No service, of course: even one hour of cleaning a day would have overweighted the expense side of the budget. Transportation costs were surpressed: Marie went to the Sorbonne on foot in all weathers. Coal was kept down to a minimum: one or two sacks of 'lumps' for the winter, which the girl bought from the merchant on the corner and hoisted up the steep stairs herself to the sixth floor, bucketful by bucketful, stopping at each floor to breathe. Lights were at a minimum: as soon as night fell, the student took refuge in that blessed asylum called the Library of Saint-Genevieve, where the gas was lighted and it was warm. Seated at one of the big rectangular tables with her head in her hands, a poor Polish girl could work until they closed the doors at ten o'clock. From then on all that was needed was enough petroleum to keep the light going in her room until two in the morning. Then, with eyes reddened by fatigue, Marie left her books and threw herself on the bed...
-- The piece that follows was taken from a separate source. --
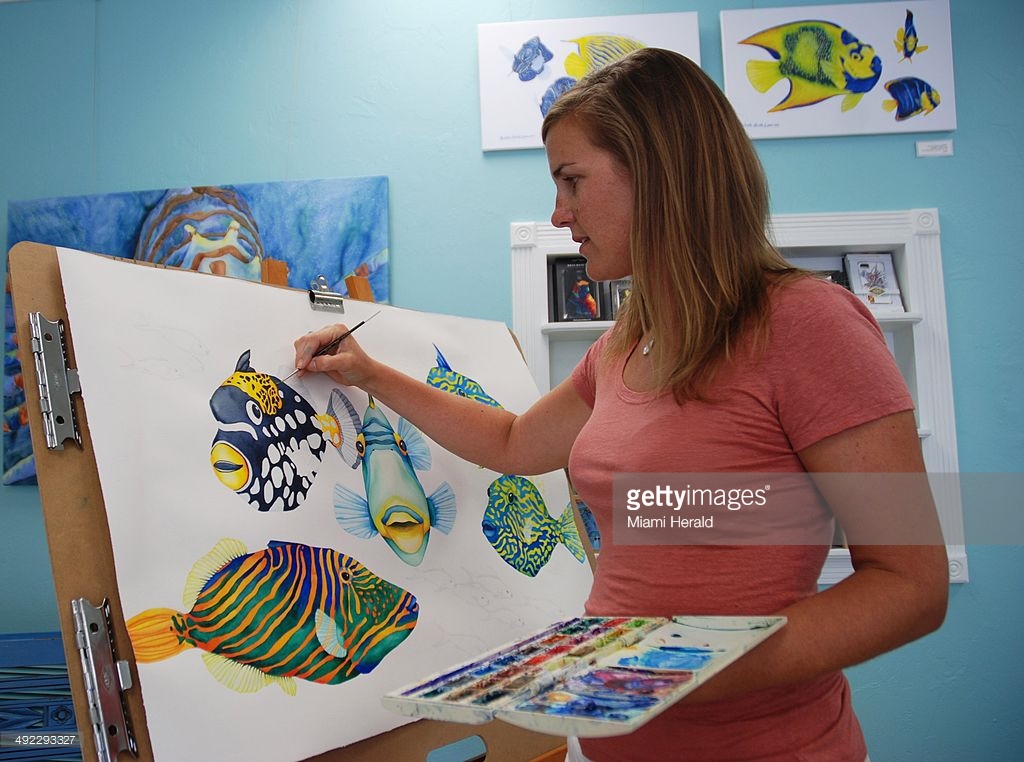 Artist Michelle Nicole Lowe paints in her Islamorada Gallery.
Marie did not admit that she could be cold or hungry. In order not to buy coal - and through sheer carelessness too - she often neglected to light the little stove with the twisted pipe, and she wrote figures and equations without noticing that her fingers were getting numb and her shoulders shaking. A hot soup or a bit of meat would have comforted her; but Marie did not know how to make soup. Marie could not spend a franc and lose a half hour to cook herself a chop. She hardly ever entered a butcher's shop, and even less the restaurant: it was too dear. For weeks at a time she ate nothing but buttered bread and tea. When she wanted a feast, she went into a creamery in the Latin Quarter and ate two eggs, or else bought herself a piece of chocolate or some fruit.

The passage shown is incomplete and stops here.